= HOW TO COMPLETE THIS TASK =
Transcribe only the lines of the listing below from the one holding "Girls Tracksuit Set" through the one holding "130DB Rechargeable Personal", inclusive, without any change.

= DATA LISTING =
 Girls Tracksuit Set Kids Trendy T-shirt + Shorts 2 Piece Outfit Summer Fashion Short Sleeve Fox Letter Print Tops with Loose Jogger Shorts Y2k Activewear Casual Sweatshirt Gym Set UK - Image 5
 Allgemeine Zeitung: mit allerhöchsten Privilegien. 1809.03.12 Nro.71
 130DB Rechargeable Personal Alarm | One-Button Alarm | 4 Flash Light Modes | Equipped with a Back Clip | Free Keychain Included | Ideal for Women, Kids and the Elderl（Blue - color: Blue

==

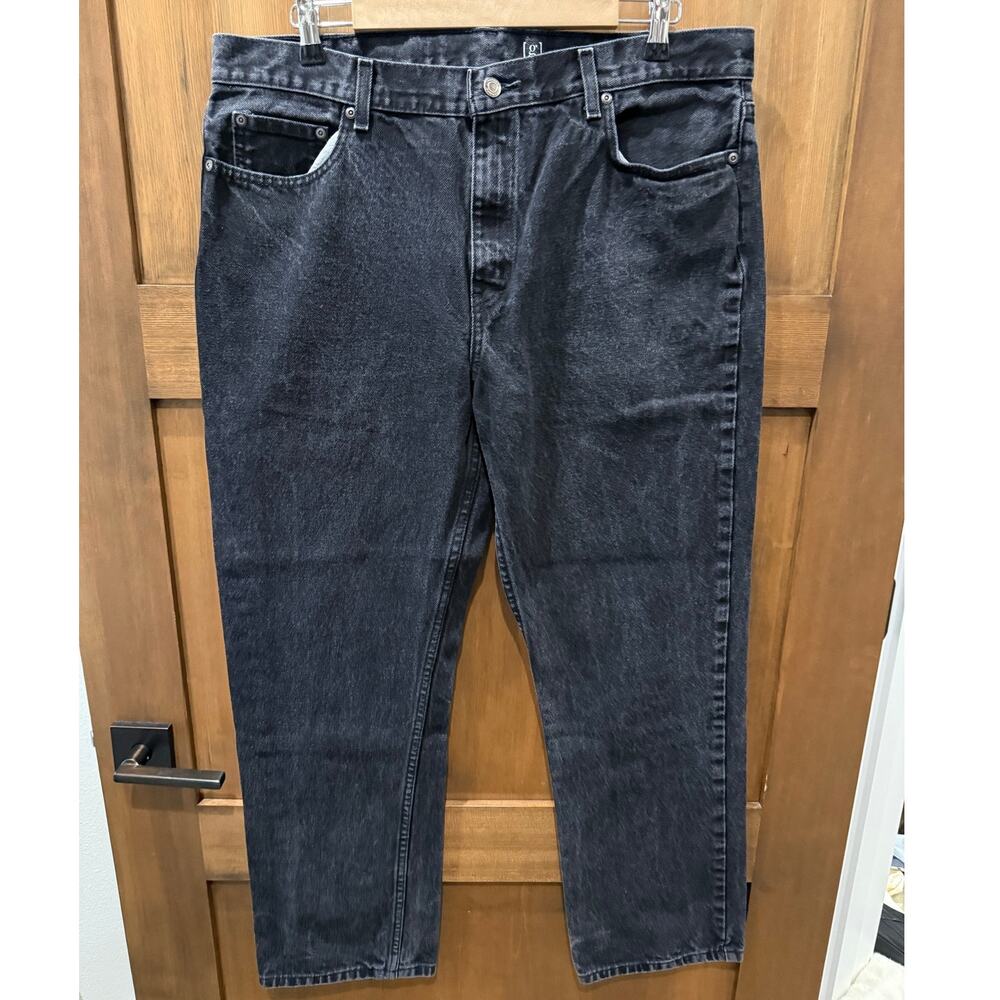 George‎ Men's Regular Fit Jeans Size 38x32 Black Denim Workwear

= ANSWER =
 Girls Tracksuit Set Kids Trendy T-shirt + Shorts 2 Piece Outfit Summer Fashion Short Sleeve Fox Letter Print Tops with Loose Jogger Shorts Y2k Activewear Casual Sweatshirt Gym Set UK - Image 5
 Allgemeine Zeitung: mit allerhöchsten Privilegien. 1809.03.12 Nro.71
 130DB Rechargeable Personal Alarm | One-Button Alarm | 4 Flash Light Modes | Equipped with a Back Clip | Free Keychain Included | Ideal for Women, Kids and the Elderl（Blue - color: Blue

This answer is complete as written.